National opinion polls showed a race for the popular vote in Tuesday's election so close that only a statistically insignificant point or two separated the two rivals.
The final national NBC/Wall Street Journal Poll, conducted from November 1-3, showed Mr Obama getting the support of 48% of likely voters, while Mr Romney receives 47%. The poll had a margin of error of 2.55 percentage points.
A majority of polls in the battleground states - especially in the Midwestern states of Iowa, Wisconsin and Ohio - showed Mr Obama with a slight advantage, giving him an easier path to the 270 electoral votes needed for victory. No Republican has won the White House without carrying Ohio.
Under the US system, the winner is not determined by the nationwide popular vote but in state-by-state contests, making "battleground" states that are neither consistently Republican nor Democratic extremely important in such a tight race. Mr Romney and Mr Obama are actually competing to win at least 270 electoral votes. The electoral votes are apportioned to states based on a mix of population and representation in Congress.

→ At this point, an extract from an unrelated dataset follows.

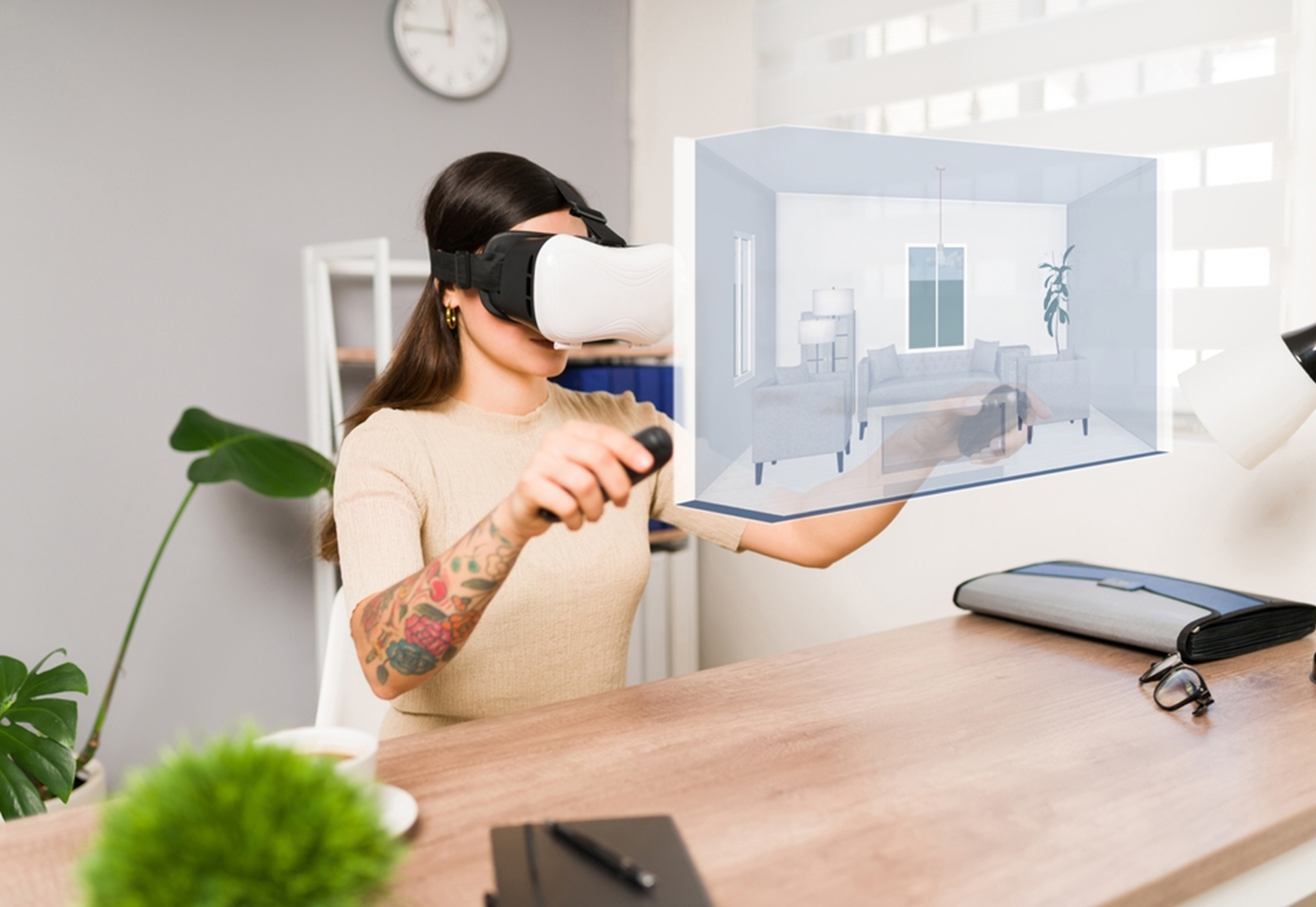 AR and VR in Real Estate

Mr Obama's campaign was mobilising a massive get-out-the-vote effort aimed at carrying the Democrat to victory. He had a full schedule on Sunday, with campaign stops in New Hampshire, Florida, Ohio and Colorado.
The president caught a few hours of sleep back at the White House on Saturday night before hitting the campaign trail again on Sunday morning. After Marine One lifts off from the South Lawn, Mr Obama will not return to the executive mansion again until after election day.
Mr Romney's campaign was projecting momentum and banking on late-breaking voters to propel him to victory. The Republican was cutting away briefly on Sunday from the nine or so competitive states that have dominated the candidates' travel itineraries to make a late play for votes in Pennsylvania, a Democratic-leaning state. Mr Romney will also campaign in Iowa, Ohio and Virginia.
The final frenzy of campaigning comes in the wake of Superstorm Sandy that devastated the US East Coast. It gave Mr Obama a chance to jump into action as commander in chief and left Mr Romney struggling to strike the right tone.
More than 27 million Americans have already voted in 34 states and Washington DC. Mr Obama holds an apparent lead over Mr Romney in several key states such as Iowa and Nevada. But his advantage isn't as big as the one he had over John McCain four years ago, giving Mr Romney hope that he could make up that gap in Tuesday's voting.